# Water Tower Spout fix



## dhallag (Dec 27, 2007)

So I have the rio grande water tower which I love, but the plastic spout broke off. I would like to use it as intended but with the spout broken off at the fulcrum point, the spout just floats only being attached by the silicone tube. Any ideas on how to fix this so that the spout is actually attached to the water tower, like any ideas of a non plastic spout?

Thanks much....

Here is a pic.


----------



## Pete Thornton (Jan 2, 2008)

(I don't know what happened to your photo - OneDrive? Maybe they don't like you cross-posting. I could see it by right-click and View Image.) So I saved it and reposted it here.


It would probably help if you told us who made the water tower. Tho I bet the silicon tube is a give-away to anyone who models RG!


----------



## ddrum31 (Aug 30, 2017)

Cut off or file that old broke hinge part to flat with the spout, use a flat Brass strap run around the spout epoxy it, leave enough overage to run a pin through it into the water tower. Similar to picture.


----------



## dhallag (Dec 27, 2007)

ddrum31 said:


> Cut off or file that old broke hinge part to flat with the spout, use a flat Brass strap run around the spout epoxy it, leave enough overage to run a pin through it into the water tower. Similar to picture.

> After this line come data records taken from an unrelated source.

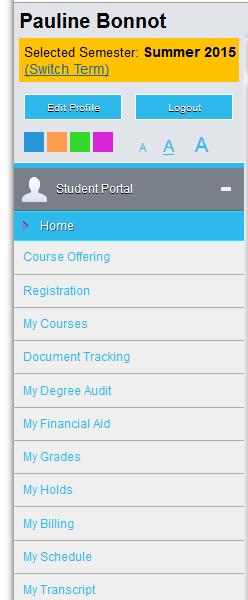 Access the Registration page Under your name, check that the Selected Semester is the one you want to register for THIS
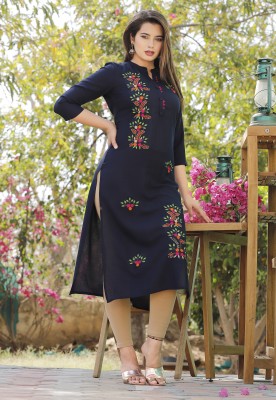 MHS Women Embroidered Straight Kurta(Dark Blue)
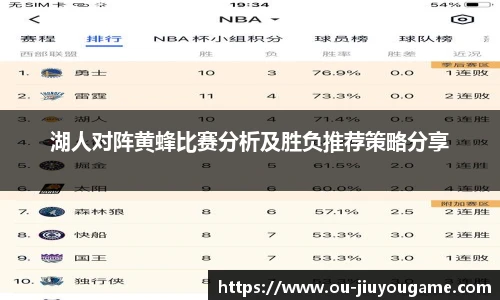 湖人对阵黄蜂比赛分析及胜负推荐策略分享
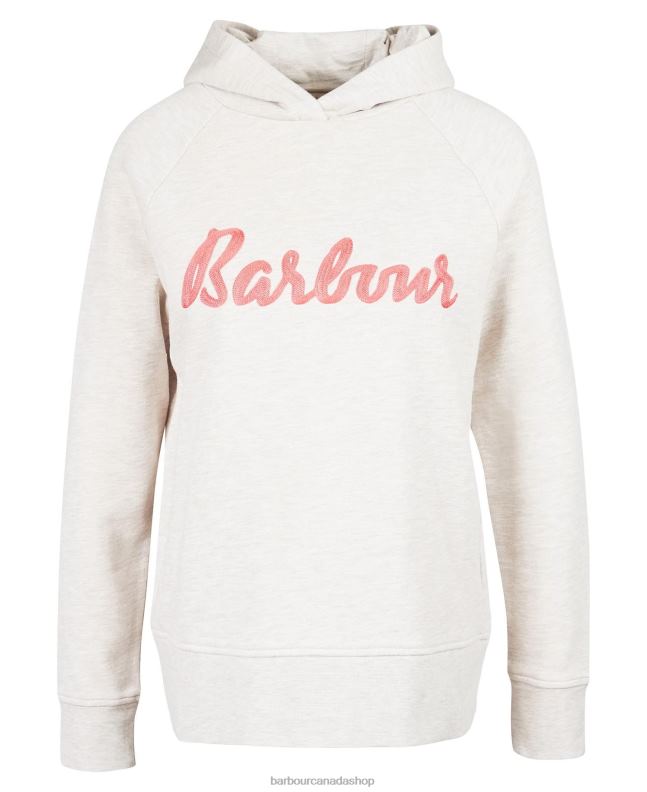 Barbour Clothing Women Oatmeal Marl/Pink Punch Otterburn Hoodie 2BB2F2024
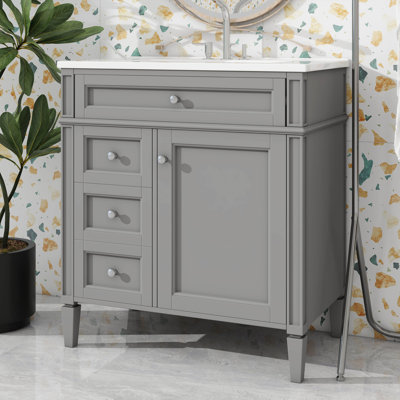 Meuble-lavabo 30 po avec lavabo en céramique, armoire de rangement autoportante moderne avec 1 porte, 2 tiroirs et tiroir basculant, structure en bois massif
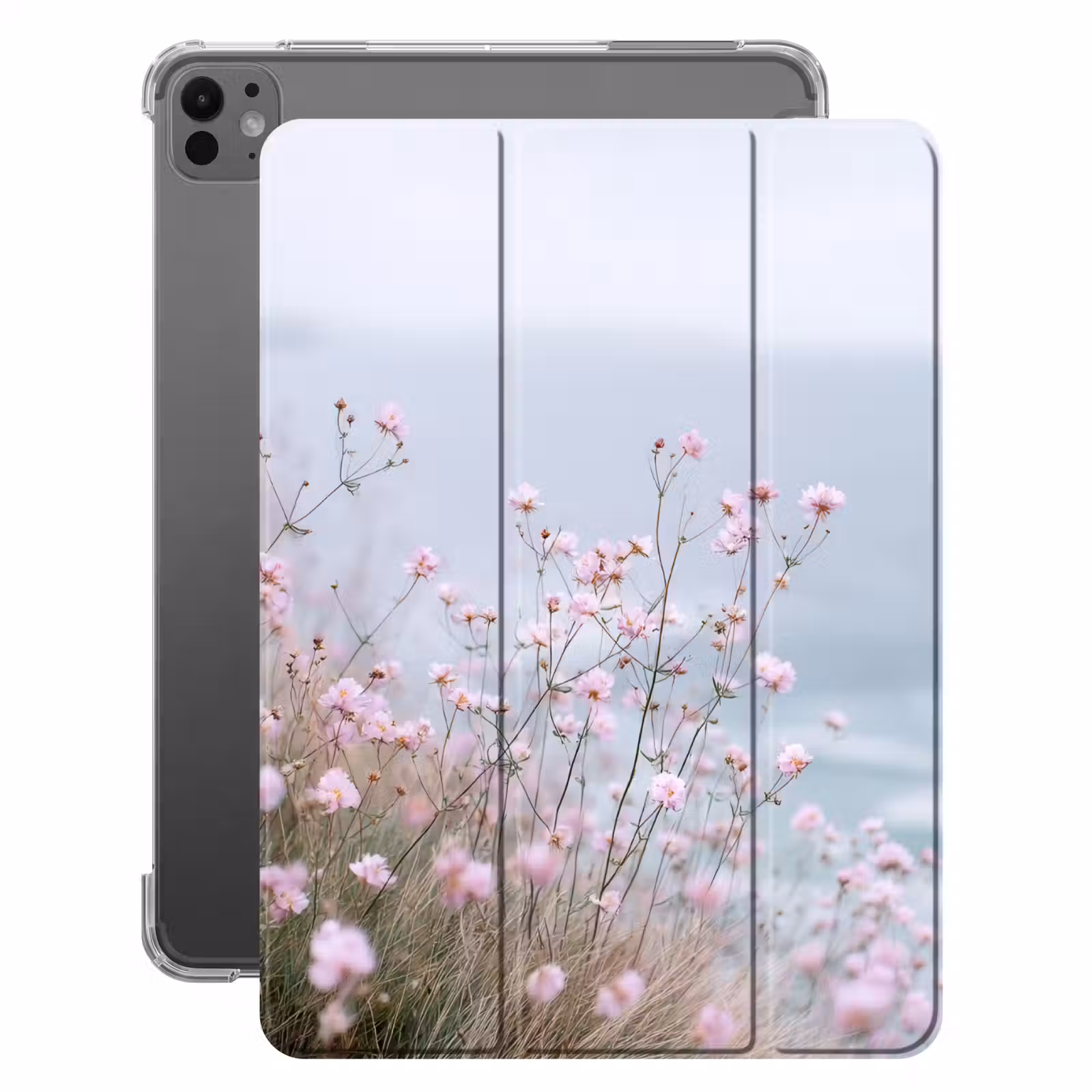 iPad-Hülle - Klippe - Blumen - Meer - Rosa — 1
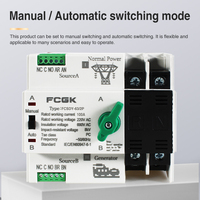Interrupteur de transfert automatique double alimentation ATS 110V/220V 63A/100A, interrupteur métallique industriel électrique 50/60Hz PC
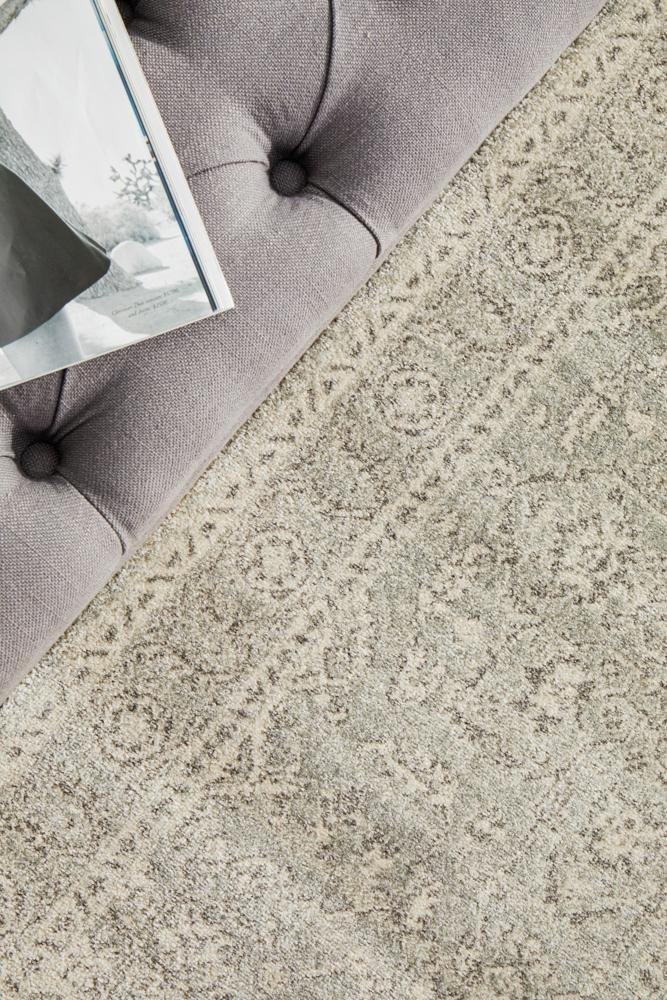Silver Flower Transitional Runner Rug - Floorsome - Modern - EVO - 261 - SIL - 300X80 - Modern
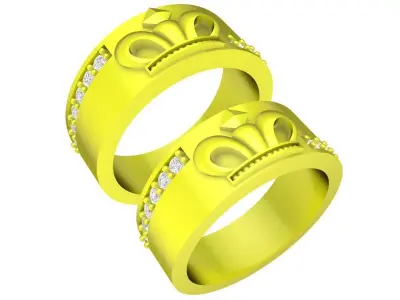 Luxury Crown Diamond Ring for Women 4293 3D print model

It’s made by piko, piko rio grande water tower. Ooh I like this idea!!!


----------



## Homo Habilis (Jul 29, 2011)

You might consider contacting PIKO *customer support* and see if they can supply a replacement part.


----------



## dhallag (Dec 27, 2007)

ddrum31 said:


> Cut off or file that old broke hinge part to flat with the spout, use a flat Brass strap run around the spout epoxy it, leave enough overage to run a pin through it into the water tower. Similar to picture.


Do you know where I can find something like this? I’ve asked a few local stores and no one has a clue....


----------



## Greg Elmassian (Jan 3, 2008)

that is part of a frame to clamp fabric doing needlepoint


called a needlepoint or embroidery hoop, found in crafts stores


----------



## TDJR (Oct 11, 2019)

In case you need more info. Here are some photos from my unbuilt kit when you reach out to PIKO.


----------